━━━━━ Information supplied
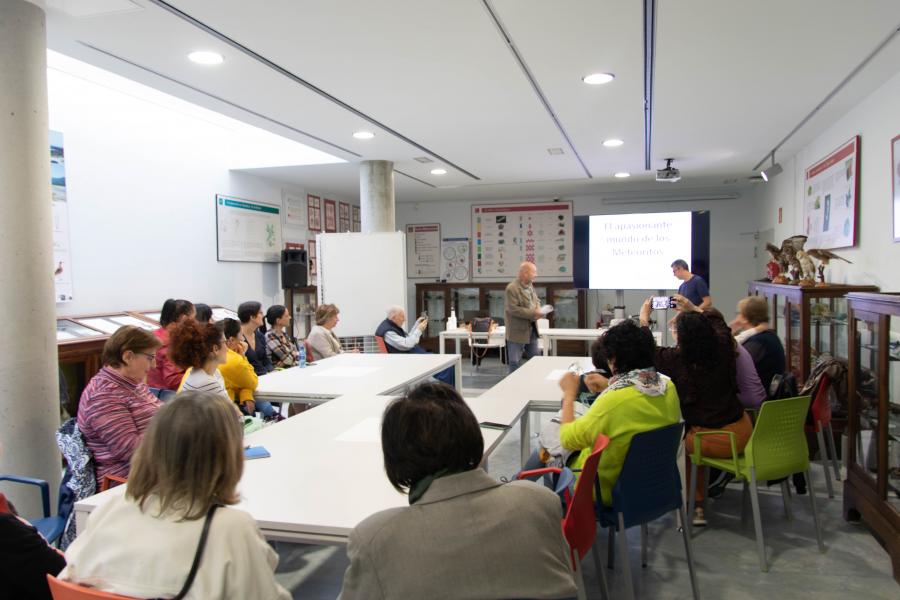 A inauguración estivo precedida dunha charla de Xavier Canseco. Foto: Marta Vázquez / MHN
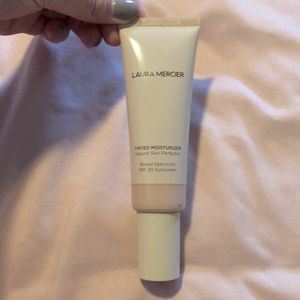 Laura Mercier Tinted Moisturizer. Natural Skin Perfector. SPF 30. 0N1 Petal.
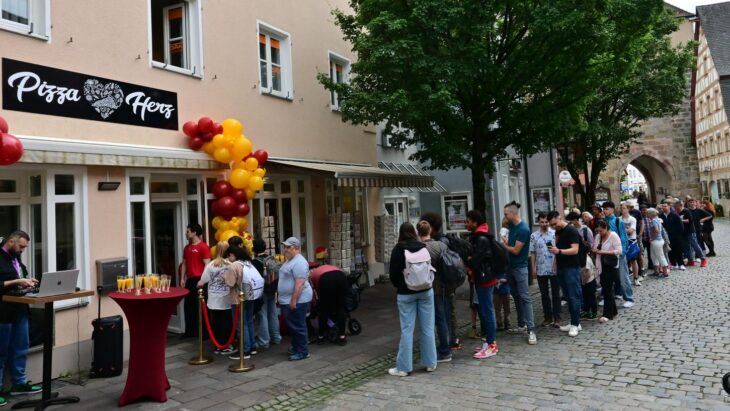 Eine lange Schlange bildete sich am Dienstag am Hersbrucker Tor in Lauf.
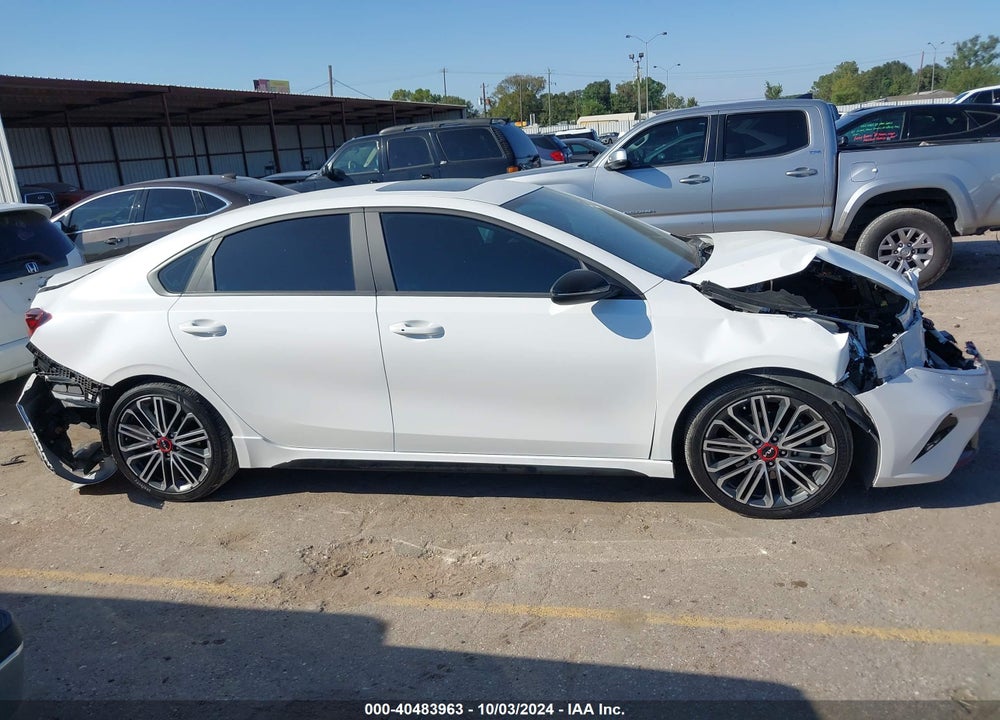 2024 KIA FORTE GT VIN: 3KPF44AC3RE707905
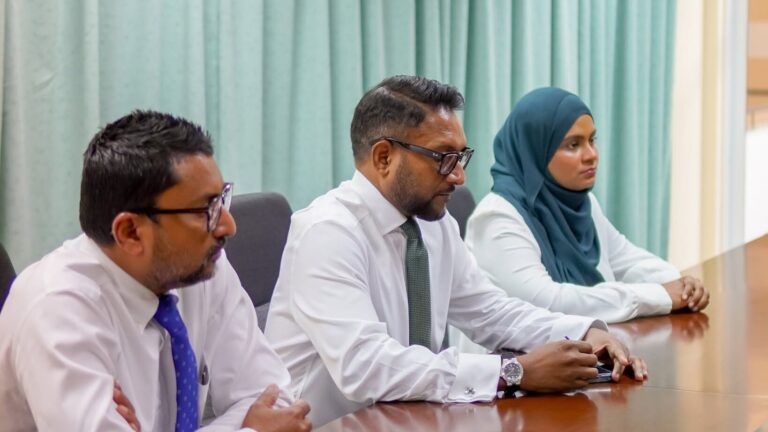 ދިވެހި ފާމަސިސްޓުން ތަމްރީނުކުރަން ސްޓޭޓްފާމާއާއި އެމްއެންޔޫއިން މަޝްވަރާކޮށްފި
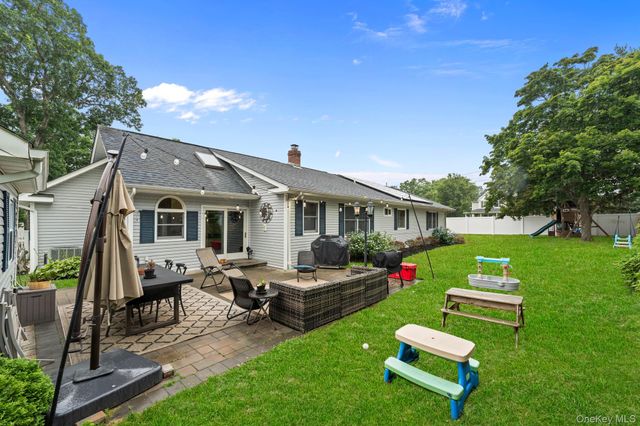 821 Peconic Street, Ronkonkoma, NY 11779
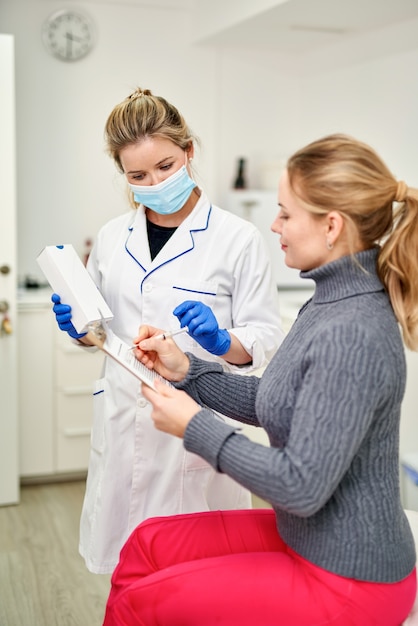 Un patient en clinique signe des documents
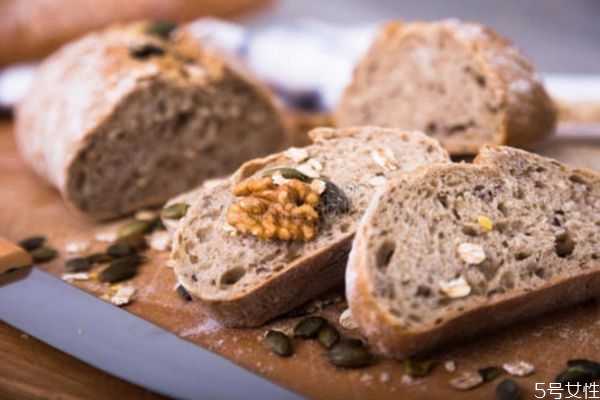 黑麦的营养价值及功效,黑麦的营养价值和一般的小麦一样吗?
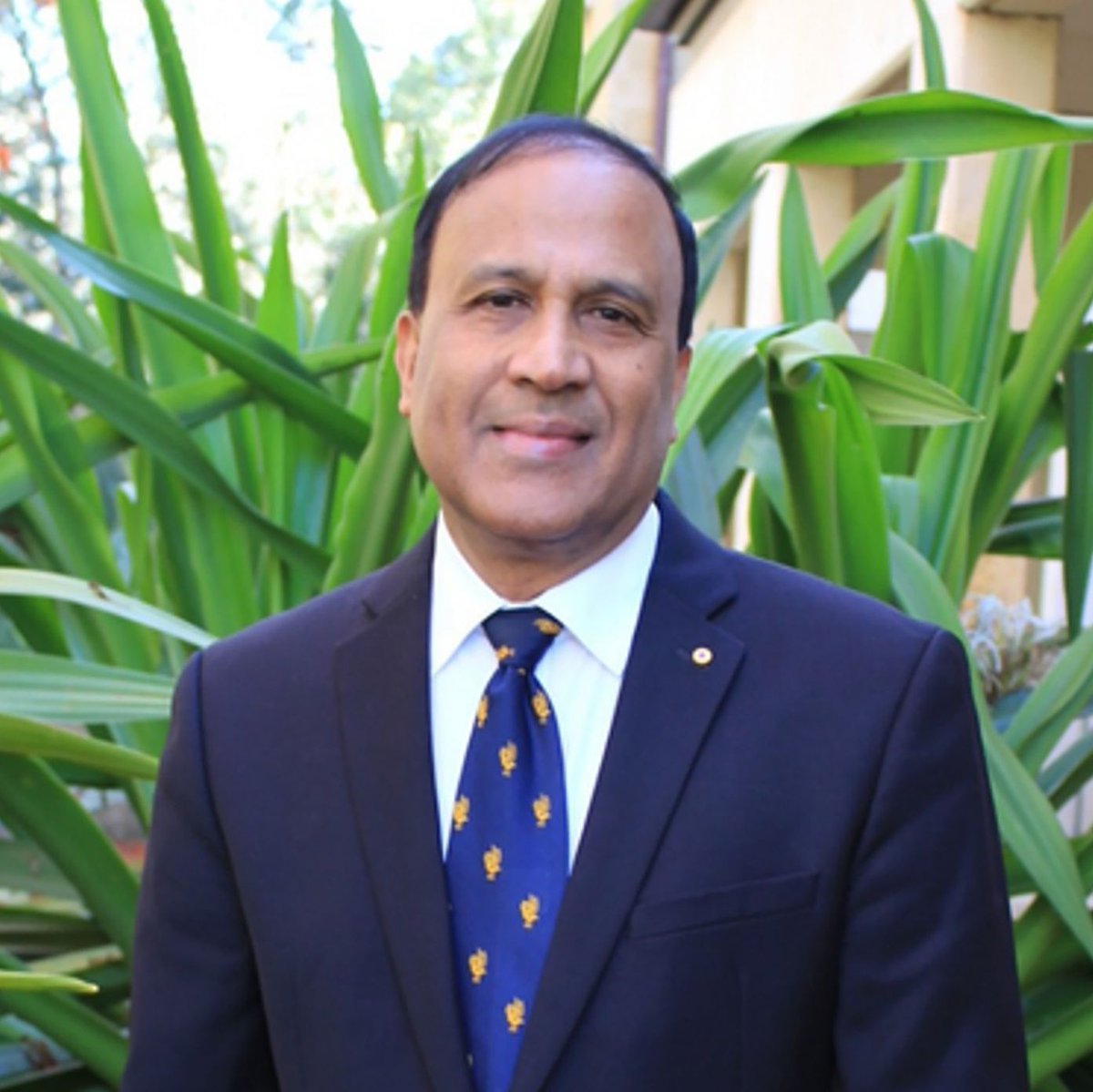The Crawford Fund (@crawfordfund) on Twitter photo “My passion for agriculture drives me to help shape the next generation of scientists by mentoring students and contributing to teaching and research.”
🎖️ The 2024 Crawford Fund Medal goes to <a href="/KadambotS/">Kadambot Siddique</a>!
Read more: buff.ly/HXHJG3q
<a href="/UWAresearch/">UWA Research</a> <a href="/IOA_UWA/">The UWA Institute of Agriculture</a> <a href="/ACIARAustralia/">ACIAR</a> “My passion for agriculture drives me to help shape the next generation of scientists by mentoring students and contributing to teaching and research.”
🎖️ The 2024 Crawford Fund Medal goes to <a href="/KadambotS/">Kadambot Siddique</a>!
Read more: buff.ly/HXHJG3q
<a href="/UWAresearch/">UWA Research</a> <a href="/IOA_UWA/">The UWA Institute of Agriculture</a> <a href="/ACIARAustralia/">ACIAR</a>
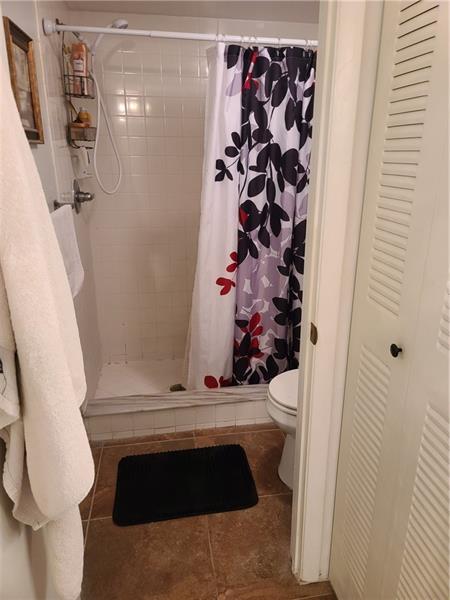 Image 15 of 30 For 9999 Summerbreeze Dr  417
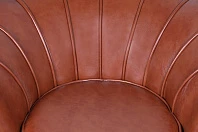 фото Низкое кресло ракушка Pearl Brown в интерьере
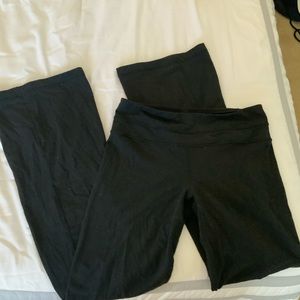 Lululemon black yoga pants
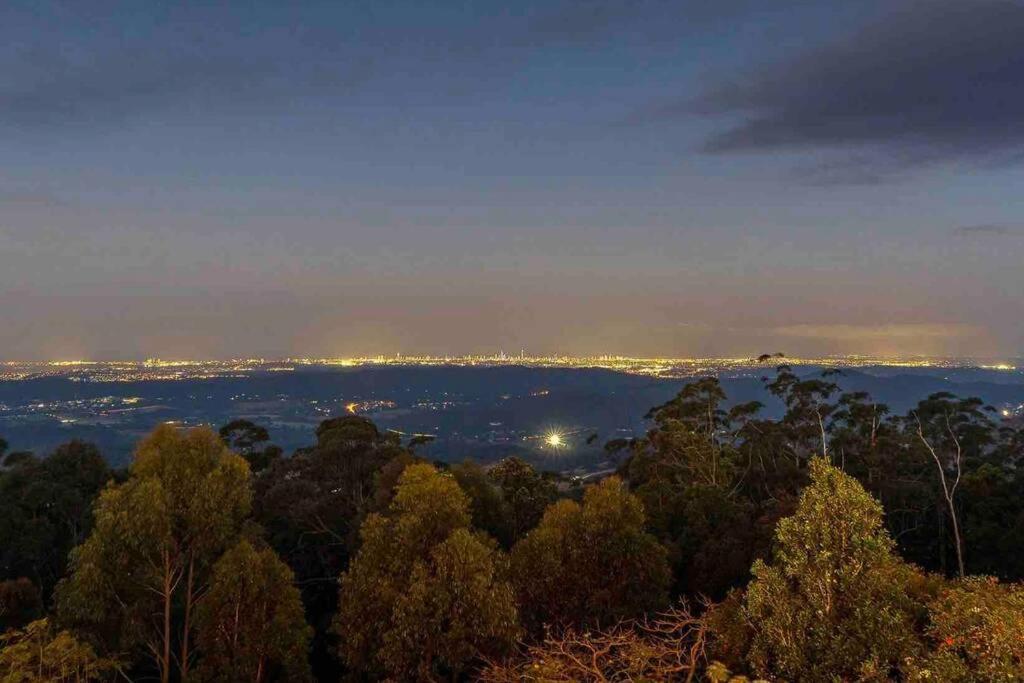 Villa Mountain Living With Ocean Views Mount Tamborine Exterior foto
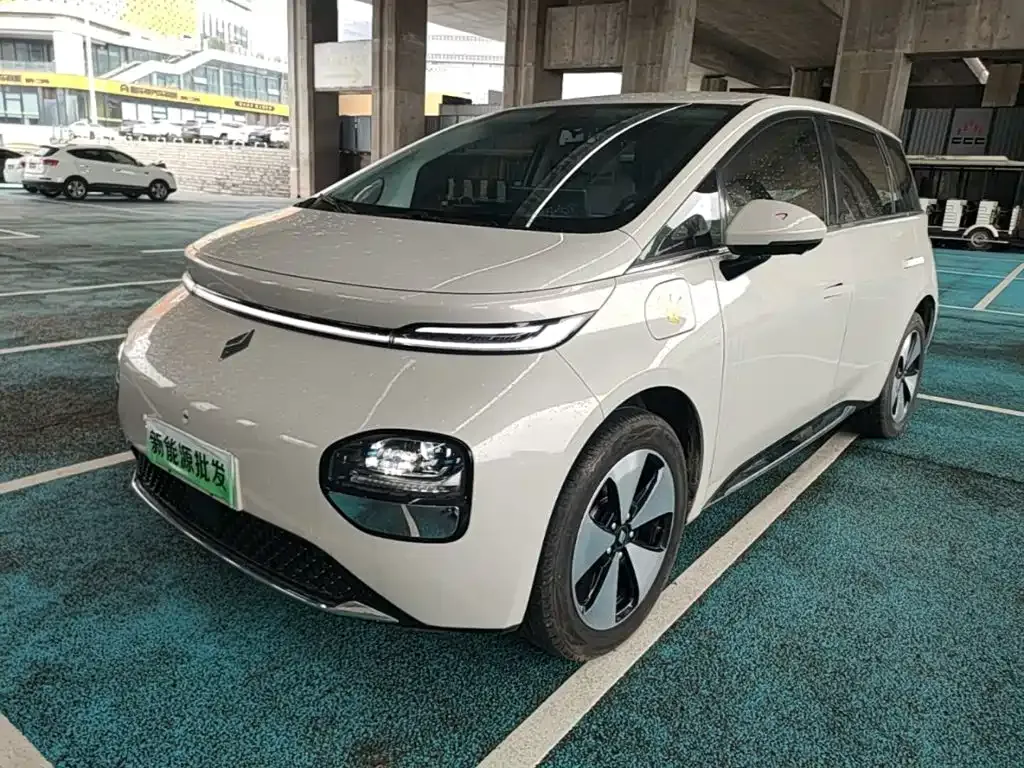 Baojun Yunduo — фото 1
━━━━━━━━━━
• What you should do: The lines to repeat start at the one holding "ދިވެހި ފާމަސިސްޓުން ތަމްރީނުކުރަން" and run through the last line of the records above; write them out exactly, both ends included, but not the pictures.

• Reply:
 ދިވެހި ފާމަސިސްޓުން ތަމްރީނުކުރަން ސްޓޭޓްފާމާއާއި އެމްއެންޔޫއިން މަޝްވަރާކޮށްފި
 821 Peconic Street, Ronkonkoma, NY 11779
 Un patient en clinique signe des documents
 黑麦的营养价值及功效,黑麦的营养价值和一般的小麦一样吗?
The Crawford Fund (@crawfordfund) on Twitter photo “My passion for agriculture drives me to help shape the next generation of scientists by mentoring students and contributing to teaching and research.”
🎖️ The 2024 Crawford Fund Medal goes to <a href="/KadambotS/">Kadambot Siddique</a>!
Read more: buff.ly/HXHJG3q
<a href="/UWAresearch/">UWA Research</a> <a href="/IOA_UWA/">The UWA Institute of Agriculture</a> <a href="/ACIARAustralia/">ACIAR</a> “My passion for agriculture drives me to help shape the next generation of scientists by mentoring students and contributing to teaching and research.”
🎖️ The 2024 Crawford Fund Medal goes to <a href="/KadambotS/">Kadambot Siddique</a>!
Read more: buff.ly/HXHJG3q
<a href="/UWAresearch/">UWA Research</a> <a href="/IOA_UWA/">The UWA Institute of Agriculture</a> <a href="/ACIARAustralia/">ACIAR</a>
 Image 15 of 30 For 9999 Summerbreeze Dr  417
 фото Низкое кресло ракушка Pearl Brown в интерьере
 Lululemon black yoga pants
 Villa Mountain Living With Ocean Views Mount Tamborine Exterior foto
 Baojun Yunduo — фото 1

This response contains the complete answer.